Hashing files/bytes <was> Re: RFR(JDK11/NIO) 8202285: (fs) Add a method to Files for comparing file contents
forax at univ-mlv.fr
forax at univ-mlv.fr
Wed May 2 06:53:21 UTC 2018
----- Mail original -----
> De: "John Rose" <john.r.rose at oracle.com>
> À: "Remi Forax" <forax at univ-mlv.fr>
> Cc: "Paul Sandoz" <paul.sandoz at oracle.com>, "nio-dev" <nio-dev at openjdk.java.net>, "core-libs-dev"
> <core-libs-dev at openjdk.java.net>
> Envoyé: Mercredi 2 Mai 2018 07:35:38
> Objet: Re: Hashing files/bytes <was> Re: RFR(JDK11/NIO) 8202285: (fs) Add a method to Files for comparing file contents
> Here's another potential stacking:
>
> Define an interface ByteSequence, similar to CharSequence,
> as a zero-copy reference to some stored bytes somewhere.
> (Give it a long length.) Define bulk methods on it like hash
> and mismatch and transferTo. Then make File and ByteBuffer
> implement it.
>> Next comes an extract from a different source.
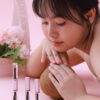 Serum Dưỡng Dài Mi Và Mày Ban Đêm Coboté 6ml – Phục Hồi Chuyên Sâu Trong Giấc Ngủ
Deal with the cross-product of source and
> destination types underneath the interface.
>
> (Also I want ByteSequence as a way to encapsulate resource
> data for class files and condy, using zero-copy methods.
> The types byte[] and String don't scale and require copies.)
your ByteSequence is ByteBuffer !
a ByteBuffer can be a mapped file or wrapped a byte array,
mismatch is compareTo, transferTo is put(ByteBuffer), and hash should be messageDigest.digest(ByteBuffer) which doesn't exist but should.
>
> — John
Rémi
>
> On May 1, 2018, at 3:04 PM, forax at univ-mlv.fr wrote:
>>
>> ----- Mail original -----
>>> De: "Paul Sandoz" <paul.sandoz at oracle.com>
>>> À: "Remi Forax" <forax at univ-mlv.fr>
>>> Cc: "Alan Bateman" <Alan.Bateman at oracle.com>, "nio-dev"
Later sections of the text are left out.